> REQUIRED WORK: Where a line below includes the word "Bild", copy that line.

> EXTRACTED INFORMATION:
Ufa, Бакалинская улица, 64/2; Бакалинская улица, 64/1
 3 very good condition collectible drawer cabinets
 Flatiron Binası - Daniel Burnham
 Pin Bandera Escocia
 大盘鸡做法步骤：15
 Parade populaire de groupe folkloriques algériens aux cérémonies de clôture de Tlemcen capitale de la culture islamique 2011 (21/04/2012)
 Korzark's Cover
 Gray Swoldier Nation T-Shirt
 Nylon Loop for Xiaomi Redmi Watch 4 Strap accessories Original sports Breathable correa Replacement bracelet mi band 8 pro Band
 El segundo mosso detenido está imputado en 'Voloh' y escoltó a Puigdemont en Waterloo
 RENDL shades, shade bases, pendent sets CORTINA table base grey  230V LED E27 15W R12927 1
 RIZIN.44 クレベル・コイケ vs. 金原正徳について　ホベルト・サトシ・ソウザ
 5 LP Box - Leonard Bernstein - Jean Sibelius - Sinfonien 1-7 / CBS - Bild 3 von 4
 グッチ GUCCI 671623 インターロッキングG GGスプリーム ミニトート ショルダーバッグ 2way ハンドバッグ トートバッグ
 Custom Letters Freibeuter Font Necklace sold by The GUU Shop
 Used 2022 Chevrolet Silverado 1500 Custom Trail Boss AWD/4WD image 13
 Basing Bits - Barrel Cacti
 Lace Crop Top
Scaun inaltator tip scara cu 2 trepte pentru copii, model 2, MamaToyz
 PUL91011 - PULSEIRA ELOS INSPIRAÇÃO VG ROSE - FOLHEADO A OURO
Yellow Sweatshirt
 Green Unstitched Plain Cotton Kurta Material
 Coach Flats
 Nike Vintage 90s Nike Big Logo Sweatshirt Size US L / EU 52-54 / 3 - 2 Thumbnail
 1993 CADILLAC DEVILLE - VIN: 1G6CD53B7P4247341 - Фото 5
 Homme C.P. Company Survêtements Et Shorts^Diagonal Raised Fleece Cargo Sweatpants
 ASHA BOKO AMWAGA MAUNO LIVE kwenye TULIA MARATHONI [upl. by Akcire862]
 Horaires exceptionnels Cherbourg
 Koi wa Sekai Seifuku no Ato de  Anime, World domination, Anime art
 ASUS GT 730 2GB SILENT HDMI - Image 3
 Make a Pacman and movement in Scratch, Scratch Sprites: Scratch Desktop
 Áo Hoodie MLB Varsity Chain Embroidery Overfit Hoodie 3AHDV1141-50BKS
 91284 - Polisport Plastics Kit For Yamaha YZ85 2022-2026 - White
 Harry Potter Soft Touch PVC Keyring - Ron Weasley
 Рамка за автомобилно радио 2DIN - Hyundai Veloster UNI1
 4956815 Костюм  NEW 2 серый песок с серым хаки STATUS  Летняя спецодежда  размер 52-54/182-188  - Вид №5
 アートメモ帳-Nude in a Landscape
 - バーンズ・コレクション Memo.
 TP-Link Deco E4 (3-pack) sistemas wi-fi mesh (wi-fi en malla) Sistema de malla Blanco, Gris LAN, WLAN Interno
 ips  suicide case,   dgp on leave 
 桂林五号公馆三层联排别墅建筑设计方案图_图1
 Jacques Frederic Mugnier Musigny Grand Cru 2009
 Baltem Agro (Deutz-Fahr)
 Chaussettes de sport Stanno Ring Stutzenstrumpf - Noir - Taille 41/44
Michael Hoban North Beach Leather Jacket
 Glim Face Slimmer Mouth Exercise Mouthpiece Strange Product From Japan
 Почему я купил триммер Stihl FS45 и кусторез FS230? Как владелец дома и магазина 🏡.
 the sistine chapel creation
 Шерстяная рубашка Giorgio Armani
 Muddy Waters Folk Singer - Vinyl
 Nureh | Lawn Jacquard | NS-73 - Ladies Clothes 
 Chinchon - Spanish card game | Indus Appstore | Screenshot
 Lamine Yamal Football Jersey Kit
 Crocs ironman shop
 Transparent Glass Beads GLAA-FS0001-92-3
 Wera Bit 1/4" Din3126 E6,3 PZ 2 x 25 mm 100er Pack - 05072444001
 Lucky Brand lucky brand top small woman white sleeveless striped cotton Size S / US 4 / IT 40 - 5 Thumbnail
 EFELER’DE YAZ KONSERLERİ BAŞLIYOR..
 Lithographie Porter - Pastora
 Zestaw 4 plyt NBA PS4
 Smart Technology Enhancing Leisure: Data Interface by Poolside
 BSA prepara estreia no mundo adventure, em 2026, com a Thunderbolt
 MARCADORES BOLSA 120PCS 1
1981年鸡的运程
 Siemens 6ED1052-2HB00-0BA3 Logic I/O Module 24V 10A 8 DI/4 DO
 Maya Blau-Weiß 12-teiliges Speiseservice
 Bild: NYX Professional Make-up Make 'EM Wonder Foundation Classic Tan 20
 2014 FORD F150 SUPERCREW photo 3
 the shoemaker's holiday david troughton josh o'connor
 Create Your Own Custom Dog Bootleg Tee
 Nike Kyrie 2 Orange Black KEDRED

> SOLUTION TO THE EXERCISE:
 5 LP Box - Leonard Bernstein - Jean Sibelius - Sinfonien 1-7 / CBS - Bild 3 von 4
 Bild: NYX Professional Make-up Make 'EM Wonder Foundation Classic Tan 20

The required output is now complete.